Melbourne Herald Sun writer Alan Howe just doesn’t like Arabs too much. All those free trips to Israel thanks to the Zionist lobby have worked a treat. The Jewish community must be so proud that one of the strongest advocates for Israel in the Australian media also really hates Palestinians. Well done!

His latest piece, in today’s paper, attacks Federal Greens Senator Lee Rhiannon for, well, being alive but especially her backing of BDS, that evil plan to ethically cleanse all Jews from Palestine. Oh wait.

Here’s Howe:

Rhiannon also supports the Boycott, Divestment and Sanctions (BDS) group that targets Jewish companies doing business with Israel. The idea is to economically cripple the only democracy in the Middle East and the one country in which the region’s Arabs are guaranteed safety.

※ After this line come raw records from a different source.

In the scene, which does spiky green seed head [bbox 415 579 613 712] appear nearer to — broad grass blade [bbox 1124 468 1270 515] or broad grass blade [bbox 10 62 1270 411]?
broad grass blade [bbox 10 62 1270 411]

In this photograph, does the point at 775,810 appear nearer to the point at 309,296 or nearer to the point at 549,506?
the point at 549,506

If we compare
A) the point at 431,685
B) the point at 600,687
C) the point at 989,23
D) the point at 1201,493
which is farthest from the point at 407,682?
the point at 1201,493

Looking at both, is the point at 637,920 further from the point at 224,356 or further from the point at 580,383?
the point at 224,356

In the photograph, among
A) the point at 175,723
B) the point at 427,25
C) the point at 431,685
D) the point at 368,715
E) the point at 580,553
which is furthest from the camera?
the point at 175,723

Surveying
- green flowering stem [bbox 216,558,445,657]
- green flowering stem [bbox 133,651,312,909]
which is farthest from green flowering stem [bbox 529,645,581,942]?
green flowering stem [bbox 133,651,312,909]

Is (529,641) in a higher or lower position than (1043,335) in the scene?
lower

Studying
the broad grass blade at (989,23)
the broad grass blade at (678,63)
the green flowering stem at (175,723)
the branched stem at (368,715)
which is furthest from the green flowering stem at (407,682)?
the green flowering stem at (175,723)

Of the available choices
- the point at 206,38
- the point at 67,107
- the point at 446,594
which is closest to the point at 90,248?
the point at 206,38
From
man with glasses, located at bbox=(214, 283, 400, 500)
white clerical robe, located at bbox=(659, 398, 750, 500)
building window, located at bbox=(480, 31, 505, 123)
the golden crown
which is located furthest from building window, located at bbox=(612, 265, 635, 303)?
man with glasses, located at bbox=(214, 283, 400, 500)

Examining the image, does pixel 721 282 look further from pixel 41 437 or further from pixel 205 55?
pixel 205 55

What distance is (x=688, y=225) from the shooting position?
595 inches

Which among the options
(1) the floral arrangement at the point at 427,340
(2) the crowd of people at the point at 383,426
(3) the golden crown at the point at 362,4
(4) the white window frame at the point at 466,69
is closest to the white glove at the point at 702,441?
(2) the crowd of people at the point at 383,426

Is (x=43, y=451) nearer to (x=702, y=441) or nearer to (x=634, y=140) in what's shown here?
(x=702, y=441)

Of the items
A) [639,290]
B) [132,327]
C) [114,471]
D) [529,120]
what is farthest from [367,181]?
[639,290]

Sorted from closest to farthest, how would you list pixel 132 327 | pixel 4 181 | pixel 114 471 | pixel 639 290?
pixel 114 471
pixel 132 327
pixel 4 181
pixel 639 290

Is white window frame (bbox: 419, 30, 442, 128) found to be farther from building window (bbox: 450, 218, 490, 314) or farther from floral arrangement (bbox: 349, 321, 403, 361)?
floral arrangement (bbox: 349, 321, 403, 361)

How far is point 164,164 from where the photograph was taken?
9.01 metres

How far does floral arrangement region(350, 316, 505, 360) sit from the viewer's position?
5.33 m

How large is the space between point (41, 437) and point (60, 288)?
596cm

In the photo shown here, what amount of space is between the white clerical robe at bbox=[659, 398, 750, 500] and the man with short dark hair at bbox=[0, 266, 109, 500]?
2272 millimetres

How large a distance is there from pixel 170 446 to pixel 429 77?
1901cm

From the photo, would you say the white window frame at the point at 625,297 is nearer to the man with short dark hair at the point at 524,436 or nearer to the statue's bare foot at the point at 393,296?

Rhiannon has boasted that South African cleric Desmond Tutu had written to support the boycotts.

Crikey, Tutu must have some time on his hands. You’d reckon the famed campaigner for freedom and democracy, and opponent of homophobia, would have been busy sorting out Zimbabwe, right next door.

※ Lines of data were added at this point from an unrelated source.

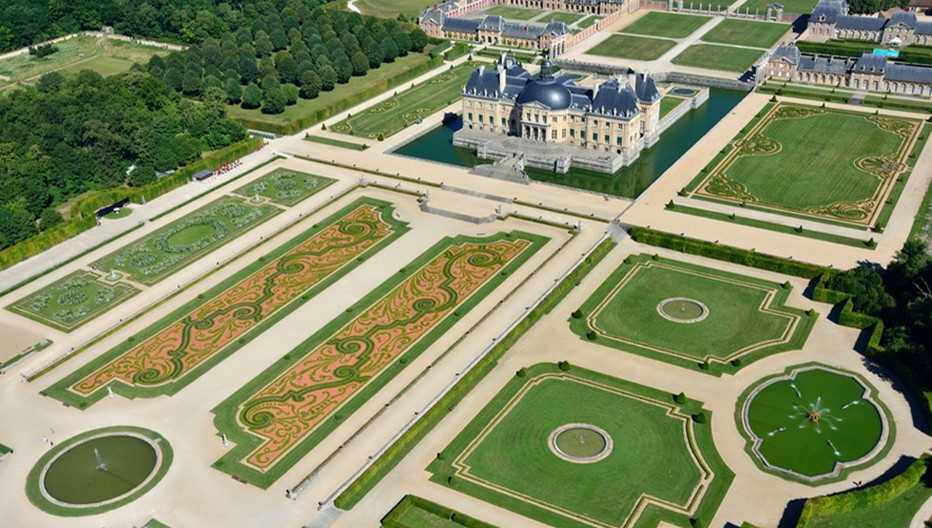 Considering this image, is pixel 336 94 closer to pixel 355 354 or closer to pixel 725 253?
pixel 355 354

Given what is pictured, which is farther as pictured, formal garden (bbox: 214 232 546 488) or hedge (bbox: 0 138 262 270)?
hedge (bbox: 0 138 262 270)

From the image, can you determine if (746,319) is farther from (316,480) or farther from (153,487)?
(153,487)

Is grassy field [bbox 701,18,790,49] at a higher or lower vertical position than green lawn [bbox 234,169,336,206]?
higher

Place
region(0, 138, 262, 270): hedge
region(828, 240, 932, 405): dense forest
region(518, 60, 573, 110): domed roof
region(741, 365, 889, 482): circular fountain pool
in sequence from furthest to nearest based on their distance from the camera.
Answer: region(518, 60, 573, 110): domed roof < region(0, 138, 262, 270): hedge < region(828, 240, 932, 405): dense forest < region(741, 365, 889, 482): circular fountain pool

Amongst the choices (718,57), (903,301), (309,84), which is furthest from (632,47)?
(903,301)

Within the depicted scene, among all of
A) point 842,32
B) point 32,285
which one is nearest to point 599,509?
point 32,285

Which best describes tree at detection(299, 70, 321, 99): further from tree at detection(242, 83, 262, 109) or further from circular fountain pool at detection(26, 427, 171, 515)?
circular fountain pool at detection(26, 427, 171, 515)

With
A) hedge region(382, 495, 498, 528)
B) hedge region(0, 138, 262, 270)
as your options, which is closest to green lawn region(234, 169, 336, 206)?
hedge region(0, 138, 262, 270) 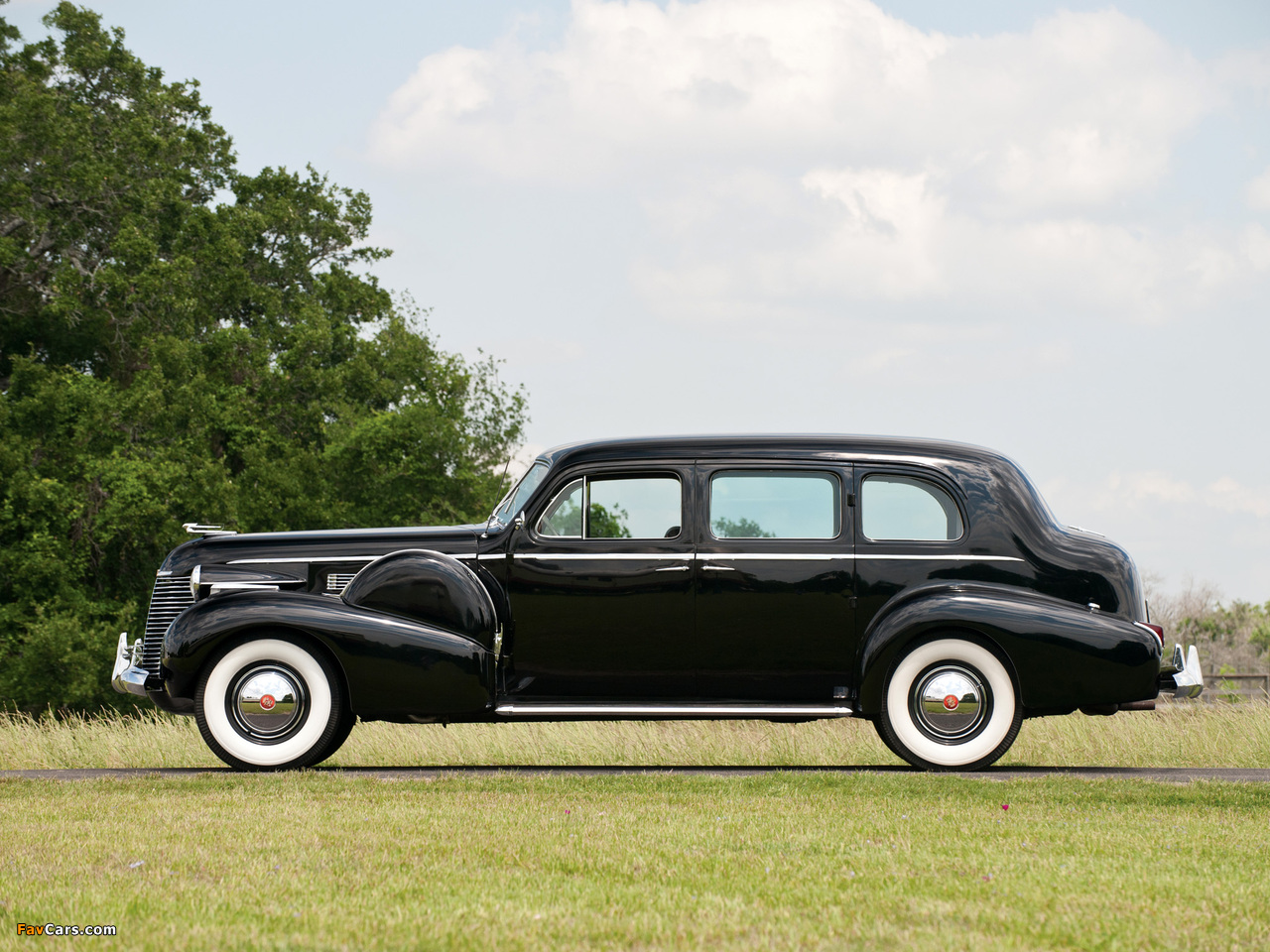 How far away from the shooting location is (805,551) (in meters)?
9.07

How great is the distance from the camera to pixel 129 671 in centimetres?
962

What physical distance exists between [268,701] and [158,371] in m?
25.2

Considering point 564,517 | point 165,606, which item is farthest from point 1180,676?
point 165,606

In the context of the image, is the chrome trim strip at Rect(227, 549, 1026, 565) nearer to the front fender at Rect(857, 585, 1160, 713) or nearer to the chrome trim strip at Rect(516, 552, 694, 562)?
the chrome trim strip at Rect(516, 552, 694, 562)

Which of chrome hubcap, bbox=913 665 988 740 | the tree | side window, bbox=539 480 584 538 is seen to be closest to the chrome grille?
side window, bbox=539 480 584 538

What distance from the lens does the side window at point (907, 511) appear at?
9.20 meters

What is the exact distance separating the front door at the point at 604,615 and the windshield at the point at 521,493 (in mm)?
314

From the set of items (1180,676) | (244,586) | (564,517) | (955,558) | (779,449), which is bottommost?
(1180,676)

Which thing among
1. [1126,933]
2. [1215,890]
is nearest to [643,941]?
[1126,933]

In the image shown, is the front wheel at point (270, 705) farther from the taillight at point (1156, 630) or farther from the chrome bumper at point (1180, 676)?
the chrome bumper at point (1180, 676)

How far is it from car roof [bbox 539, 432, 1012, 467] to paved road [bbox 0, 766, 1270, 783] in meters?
2.07

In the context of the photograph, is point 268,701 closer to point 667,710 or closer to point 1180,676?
point 667,710

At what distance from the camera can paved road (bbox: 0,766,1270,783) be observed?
8.55 meters

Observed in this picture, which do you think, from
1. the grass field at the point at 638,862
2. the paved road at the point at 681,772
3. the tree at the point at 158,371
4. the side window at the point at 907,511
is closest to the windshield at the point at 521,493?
the paved road at the point at 681,772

Robert Mugabe has destroyed that country, kills his opponents and persecutes gays, who are described by their president as repugnant and repulsive – “I don’t believe they have any rights at all”. They are “lower than pigs and dogs”, he adds, fearful deputies nodding in agreement.

Tutu has criticised Mugabe in the past, but it’s more bark than bite.

Those Jewish dogs are different, though. Tutu and Rhiannon will sort them out.

Last month, as part of the campaign against Israel in those violent protests outside the Max Brenner chocolate shop in Melbourne, 19 demonstrators and three police were injured.

Some prominent Australians met to drink hot chocolate outside the Brenner shop some days later in a counter protest against the violence.

Smarter than Rhiannon, they know about the 1930s and where violent protests against Jewish traders may end. It was a colourful time of brownshirts, blackshirts, and yellow Stars of David. The streets ran red. The Green Senator should read up on it.